He is a high-ranking economist, and also has the title of "Advisor to the President", but in Russia, this title in itself has little meaning. 
But what he says is important, and here is why: he very cogently expounds views widely believed by Russian elites.
Which elites you ask? - businessmen, politicians, military brass, academics, economists, diplomats, bureaucrats, and journalists. Oh, and clerics. And a surprising number of taxi-drivers.
One frequently hears them in the major media, on leading political talk shows, and in the sauna.

The western media mostly quotes and publishes Russian "liberals", a slim minority, whose ranks thin with each passing day. At best they are 10% of the people who count.
To a western ear, they are outside the mainstream, rather creative, and at times conspiratorial.  
But they have a refreshing quality, the result of highly intelligent people thinking outside the strictures of western discourse.
This is what many Russians believe is going on in the world. And we think it’s a fair guess that Putin, being a typical representative of his class, shares many of these views.
If the west wants to have a non-dysfunctional relationship with Russia, it might start by trying to understand its point of view.
So without further ado, here are some ideas popular with the 90%:


  1. The US is aggressive and imperialist.
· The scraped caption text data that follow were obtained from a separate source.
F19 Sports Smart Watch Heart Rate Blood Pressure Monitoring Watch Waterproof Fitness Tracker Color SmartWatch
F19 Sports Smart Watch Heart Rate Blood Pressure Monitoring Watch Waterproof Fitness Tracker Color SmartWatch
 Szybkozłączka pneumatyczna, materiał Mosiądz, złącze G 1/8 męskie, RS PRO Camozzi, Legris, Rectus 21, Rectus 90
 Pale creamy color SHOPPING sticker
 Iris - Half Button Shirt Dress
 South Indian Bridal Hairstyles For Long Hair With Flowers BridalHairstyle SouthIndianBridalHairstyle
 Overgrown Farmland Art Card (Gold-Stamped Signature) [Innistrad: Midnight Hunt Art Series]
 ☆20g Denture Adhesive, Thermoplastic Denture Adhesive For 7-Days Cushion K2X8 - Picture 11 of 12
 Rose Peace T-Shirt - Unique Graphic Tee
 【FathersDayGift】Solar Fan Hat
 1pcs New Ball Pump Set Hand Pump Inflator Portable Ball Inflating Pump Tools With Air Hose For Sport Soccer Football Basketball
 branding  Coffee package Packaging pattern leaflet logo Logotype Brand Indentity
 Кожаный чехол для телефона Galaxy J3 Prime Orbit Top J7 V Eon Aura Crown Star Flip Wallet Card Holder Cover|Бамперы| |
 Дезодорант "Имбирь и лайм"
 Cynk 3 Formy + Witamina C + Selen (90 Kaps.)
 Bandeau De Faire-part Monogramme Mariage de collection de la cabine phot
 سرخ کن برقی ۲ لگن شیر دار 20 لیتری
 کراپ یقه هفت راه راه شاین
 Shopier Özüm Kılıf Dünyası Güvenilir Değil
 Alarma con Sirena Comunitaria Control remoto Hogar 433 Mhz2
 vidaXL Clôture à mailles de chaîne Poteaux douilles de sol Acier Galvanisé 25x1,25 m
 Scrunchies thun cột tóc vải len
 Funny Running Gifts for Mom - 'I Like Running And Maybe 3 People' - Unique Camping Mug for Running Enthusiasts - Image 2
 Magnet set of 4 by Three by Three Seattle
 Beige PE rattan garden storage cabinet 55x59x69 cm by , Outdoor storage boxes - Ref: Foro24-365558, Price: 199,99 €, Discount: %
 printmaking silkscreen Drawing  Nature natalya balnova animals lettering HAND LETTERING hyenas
It takes a consistently confrontational approach on international questions in order to expand its hegemony.
  2. Russia is the US's primary target because it follows an independent line and is the main obstacle to the US achieving hegemony in northern Eurasia.
  3. The US abuses its position as issuer of the dollar – the world’s reserve currency – in order to control the world financial system and the system of international trade so as to reinforces its political global dominance.
  4. The Bretton Woods institutions – the World Bank and the IMF – are not politically neutral but are subordinate to the US and are instruments of its policies.
  5. The US has a liberal ideology whose universalist claims parallel the US’s claim to world dominance.
  6. The universalist nature of this ideology renders it hostile to religious or cultural differences, which might stand in the way of the US’s claims to global political dominance.
  7. Since its liberal ideology basically denies the validity of human cultural difference the US seeks to impose on all countries uniform, subordinate patterns of economic, cultural and political behavior.
  8. As such the US is fundamentally hostile to ideas of national independence and state sovereignty and gives itself the right to intervene freely in the internal affairs of other countries.
  9. NATO and the European Union (themselves products of this liberal ideology) are instruments of US policy. The states which make them up are entirely subordinate to the US.
  10. The Ukrainian crisis is part of the US's attack on Russia.
  11. Russia must respond to this challenge by building up its armed forces, taking steps to protect its society and economy and by leading an international coalition of peace-loving states based around the principles of human dignity, national independence, state sovereignty and respect for traditional conservative values.
Glazyev’s ideas have been gaining increasing influence and popularity in Russia.
Russia’s response to the Ukrainian crisis, its firm reaction to western sanctions, its steps to insulate its economy from the west by for example setting up rivals to western card systems and to SWIFT, its increasing tilt to China and the generally conservative and Christian tone of political discourse in Russia show the extent to which Glazyev is winning the argument.